The main conclusion from these papers is that SDT does not model all parts of the decision process, and a more complete representation that includes the data-gathering phase of the decision process is preferred. This conclusion was bolstered by a recent paper in which we demonstrated that SDT is missing one or more systematic sources of variability. We proved mathematically that an observer making decisions according to the SDT model should exhibit perfect performance when all randomness is removed from the decision process. Human observers do not achieve perfection under these circumstances, indicating that one or more systematic factors that are driving down performance are missing from the model. Most recently, we have developed an alternative decision-making model that not only accounts for all of the empirical data, but also provides decision-making performance measures that arise from a complete model of the decision-making process.

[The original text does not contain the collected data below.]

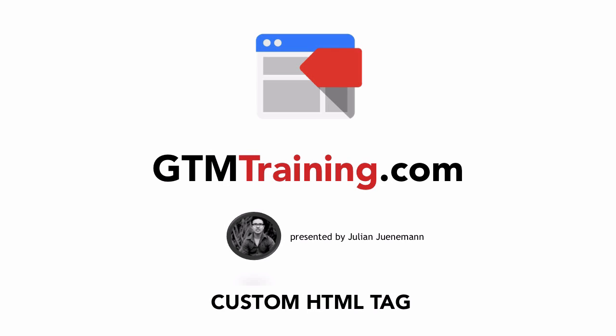Hey everyone and welcome to another video of gtmtraining.com with me Julian. And today we want to talk about the custom HTML tag.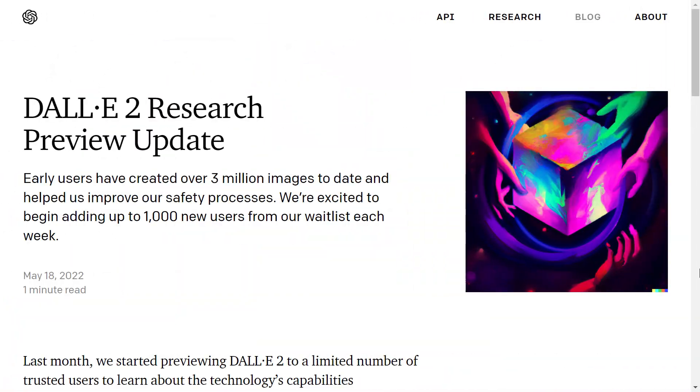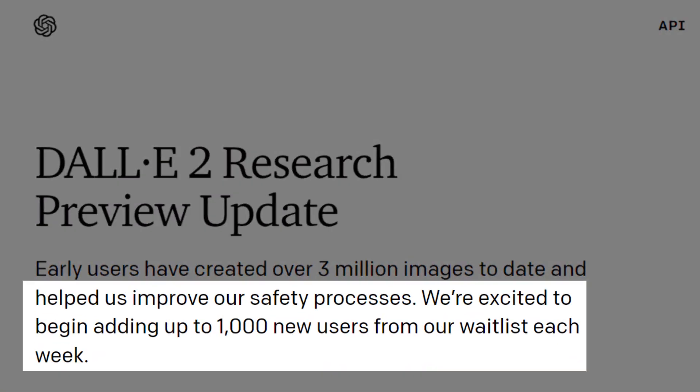The wait is over. OpenAI just announced they are adding 1,000 users each week from the waitlist. But why not all and right now? We have been waiting for so long. Well, that's because of their safety system.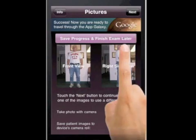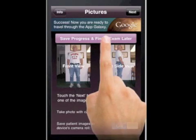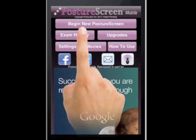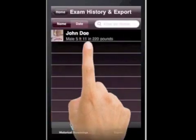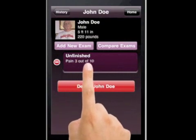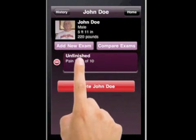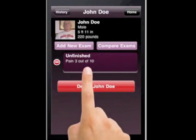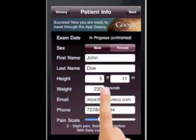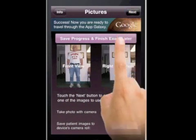The next step: if you wanted to come back later and do the exam — say you had a whole bunch of people come in — all you have to do is hit Save Progress and come back later. If you hit Exam History, there's John Doe right here. You can see it's an unfinished exam. If we wanted to add yet another exam, all we would do is hit Add New Exam. The information is already in there and unchanged — this is where we left off. We're going to go ahead and hit Next.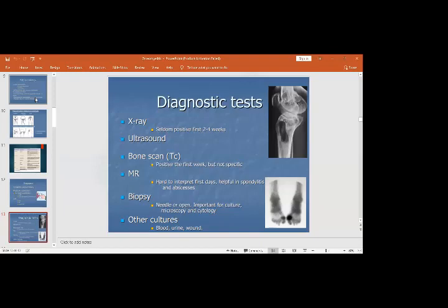A biopsy of the bone can be done either by needle or open biopsy, and a piece of bone can be sent to the lab for culture, sensitivity, and histopathology. Blood culture, urine, or wound culture can also be done to see if any systemic illness has led to hematogenous spread causing osteomyelitis.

This work has the potential to make a huge impact on the many researchers that require such measures.
My current and near-future work in this area is focused on demonstrating that the data-gathering process is not only important to include in any model of decision-making, but in fact the majority of biases seen in the decision-making literature manifest in this phase of the process. We are working to demonstrate this result by using an eye-tracking device to show that stimulus-sampling is not only strategic and under the control of the observer, but that the responses of the observer can be predicted from the stimulus sampling behavior.